Using the second strategy, the following happens :
We hit some coconut once. Then another one, then another one, and so on. This will take 7 hits in the worst case.
So, what we can do is, fix the power of the coconut we are looking for. Then, using the first strategy, find the minimum number of hits to open such a coconut.
The answer then obviously is : min_{i=1}^{N} A[i] \cdot (N-i+1)
The time required to solve this subtask is O(N \cdot \log(N))
Full Score
In case Z>1, we can clearly understand from the constraints, the expected solution is somewhere along the lines of O ( N \cdot Z ) . First, we propose the following optimal algorithm :
Initially let last=n +1 . Sort the given array in non-decreasing order
-
Pick a label A[i], \hspace{0.2cm} i < last
-
Now, we keep choosing coconuts with power > A[i] in the worst case, until we finally get the coconut with power = A[i] . We hit all of them X times, using a total number of (last-i) \cdot A[i] hits here.
-
Now, we have identified all coconuts with power > A[i] and we shall never hit them again. Assume, we dispose all such coconuts into a bin. If they were optimal to hit, we should have used the label associated with it’s power to open it before.
-
Now, set last=i and go to step 1
If we perform this algorithm exactly Z times, selecting the A[i] optimally, then that is the answer we are looking for.

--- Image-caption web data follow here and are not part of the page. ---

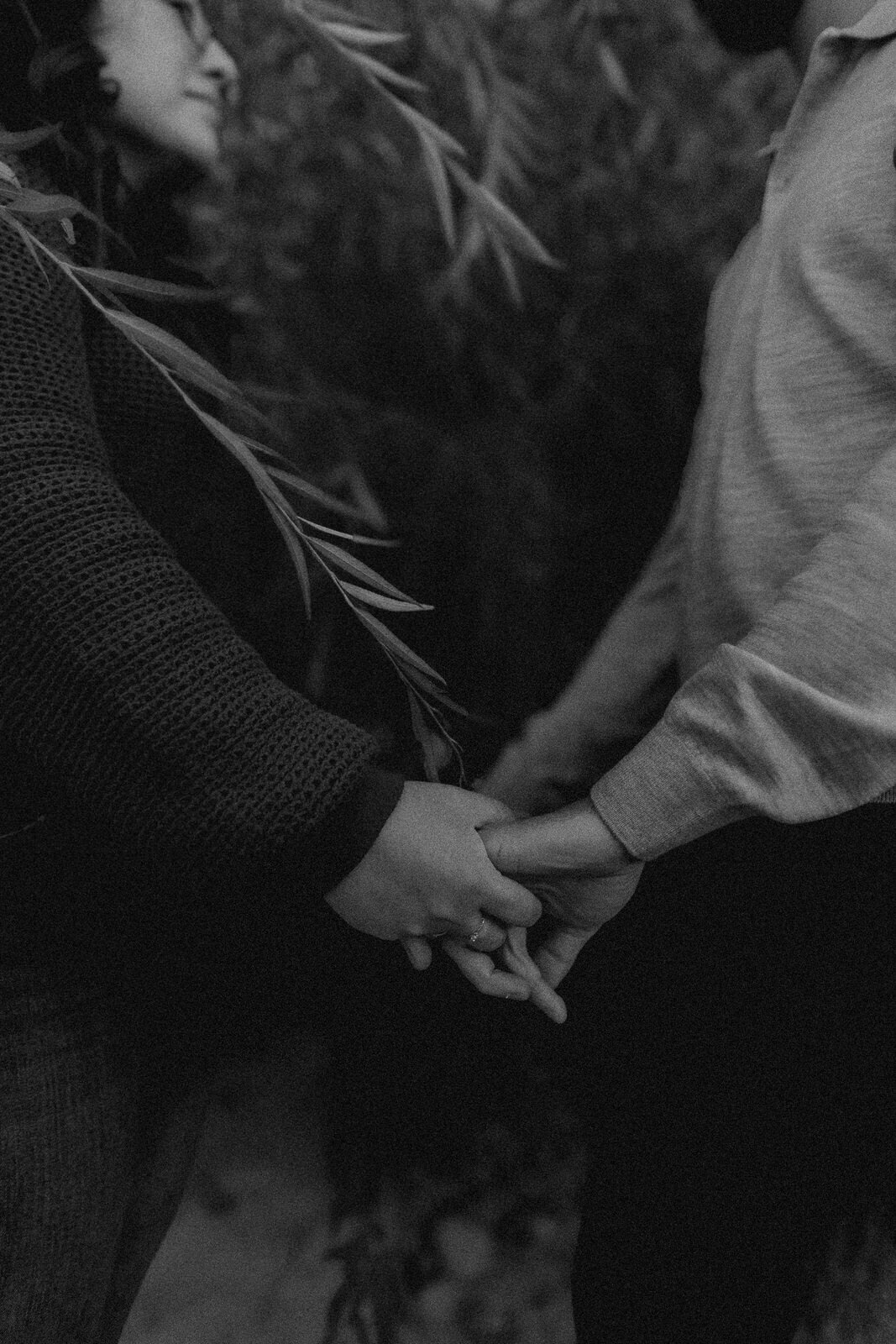 engaged-chicago-north-avenue-beach-city-session-love-untraditional-rachael-marie-illinois-24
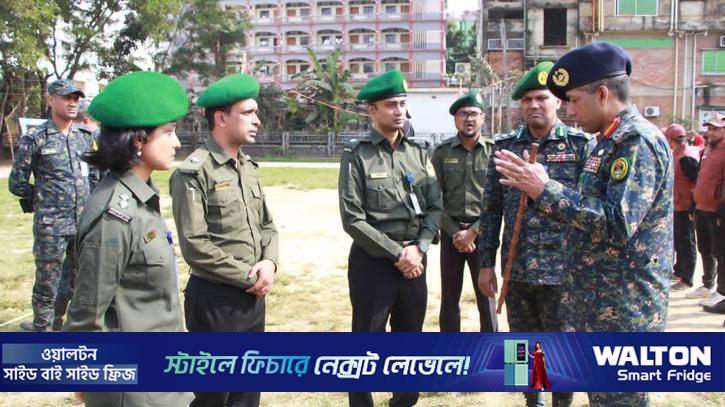 নিরাপত্তা নিশ্চিতে এবার কেন্দ্রের ভেতরে সশস্ত্র আনসার সদস্য থাকবেন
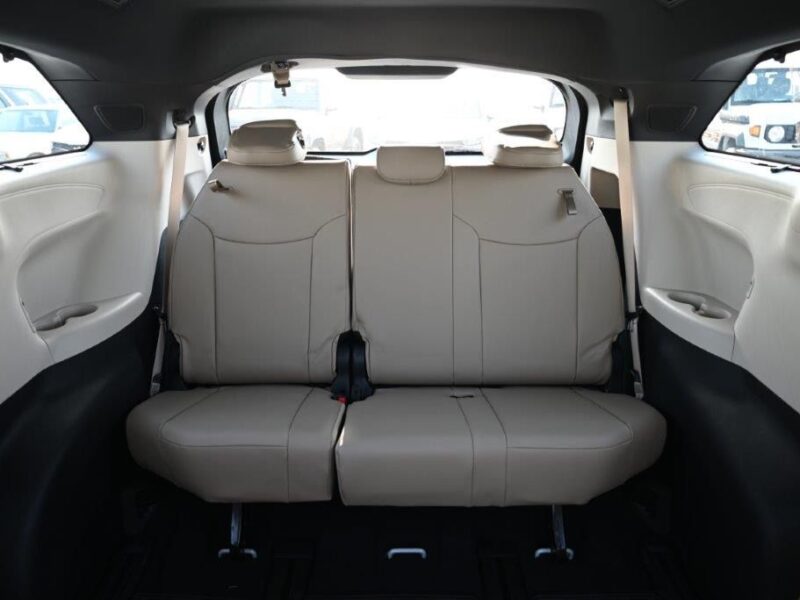 2026 Toyota Sienna 2.5 Litres inline‑4 Hybrid Engine White Beige Minivan GCC Specs Automatic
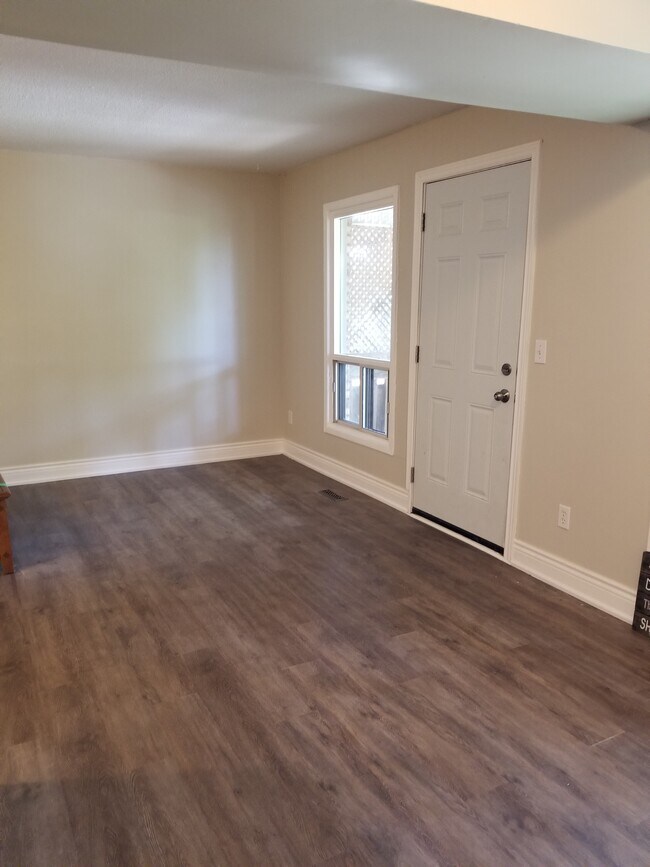 Building Photo - Very large unit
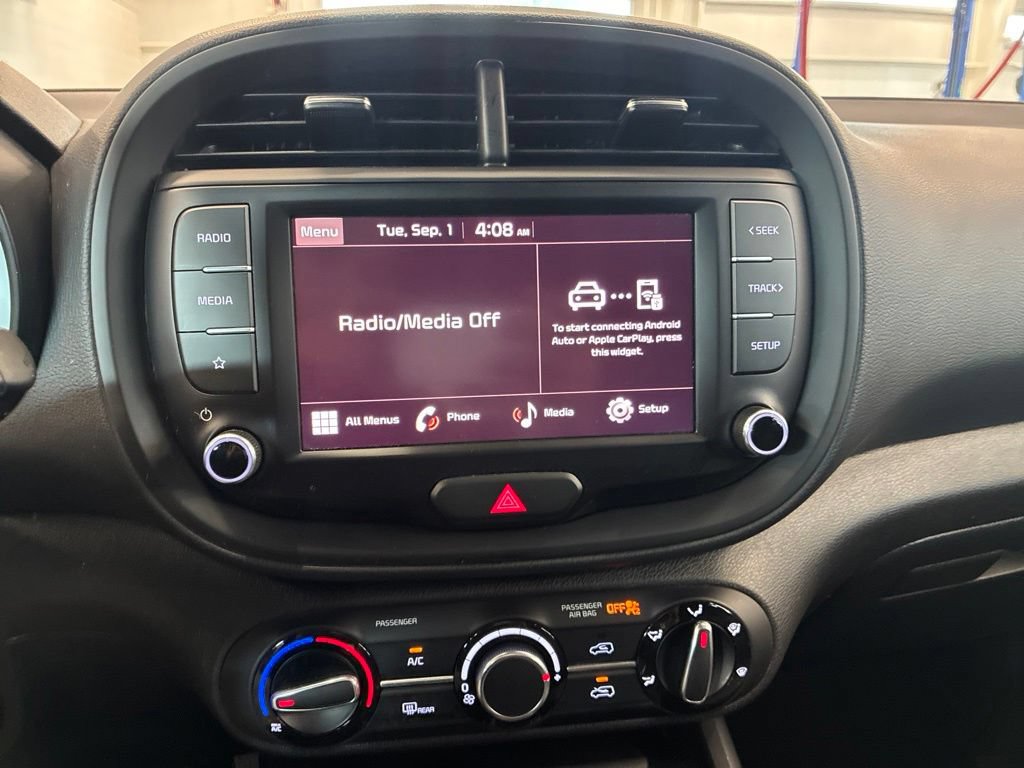 Certified 2023 Kia Soul LX w/ Option Group 015 FWD image 18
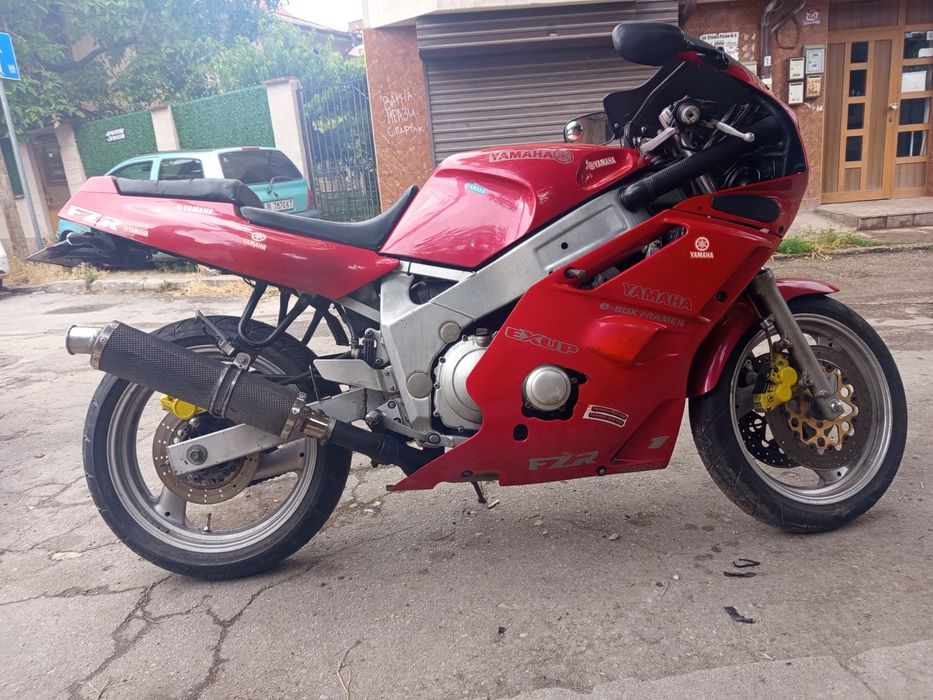 YAMAHA FZR 600  e box frame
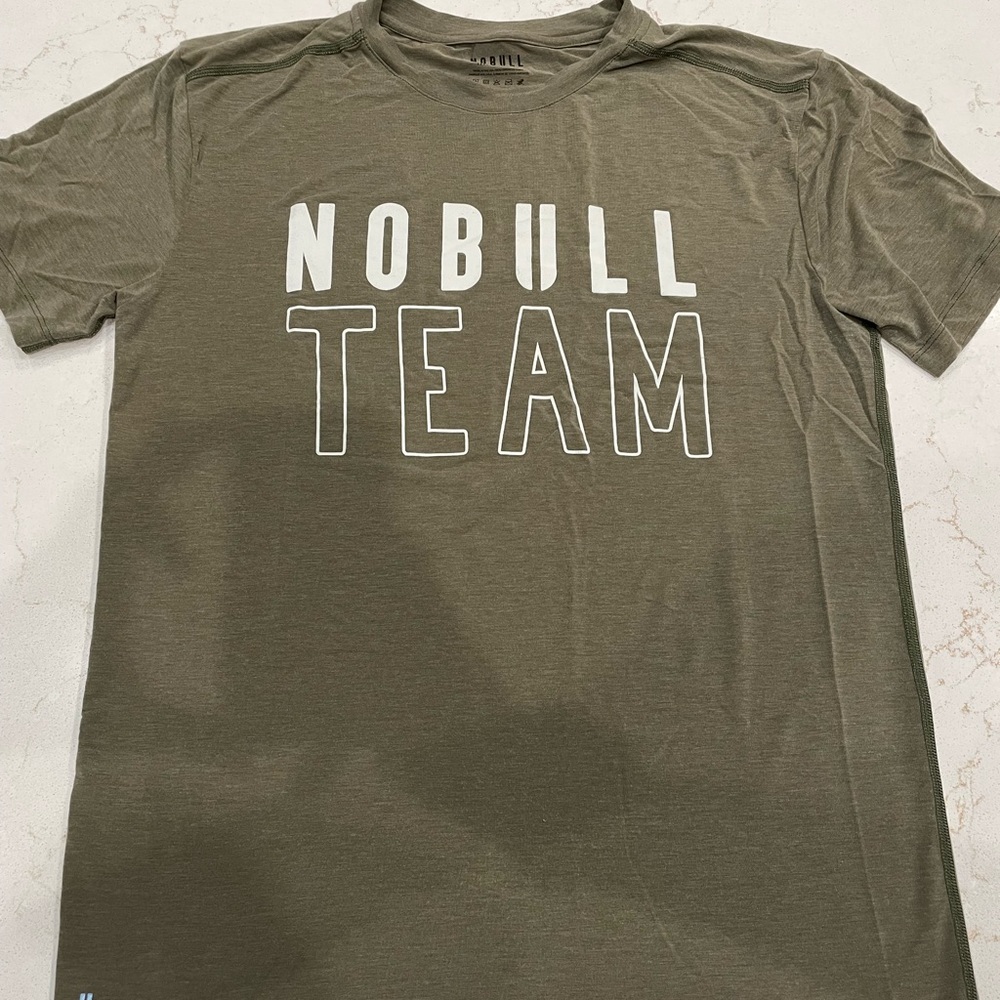NOBULL Men’s Medium T-Shirt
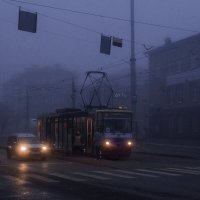 Мой город - ОСЕНЬ ул Ленина Банк Зенит :: Владимир Максимов Мой город - ОСЕНЬ ул Ленина Банк Зенит :: Владимир Максимов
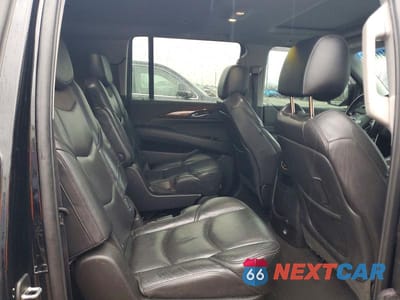 Zdjęcie 11 z 13 samochodu: 2019 CADILLAC ESCALADE ESV LUXURY VIN:1GYS4HKJ4KR158688 - miniatura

Proof of Optimality of Algorithm
First of all, it’s never ever optimal to hit coconuts a single time 1 by 1. Assume we’re trying to open a coconut with power X. Then, by doing so, we also hit coconuts with power < X and power > X and also coconuts with power =X.
In the worst case, this could lead to far greater hits that just choosing coconuts and hitting them X times.
An other question that arises is in cases like :
4 4
2 3 5 10
One may ask we can skip label 10, and then beat 2 coconuts 5 times, 2 coconuts 3 times and 2 coconuts 2 times, and we have all 4 coconuts open. How to handle this ?
The answer to this is : It was already optimal to select label 10 and beat 1 coconut 10 times, then beat 1 coconut 5 times, 1 coconut 3 times and 1 coconut 2 times, both of them lead to the same number of hits.
So, if a coconut with power X is among the Z open coconuts, then it’s always going to be optimal to use the label associated with it. There cannot be a scenario when we have a coconut with power X open, using lesser hits without using the label it’s associated with , than with using it’s label.
So, the Z coconuts we want open will be the associated exactly to the Z labels we use.
Here, We propose a dynamic programming solution based on the algorithm above.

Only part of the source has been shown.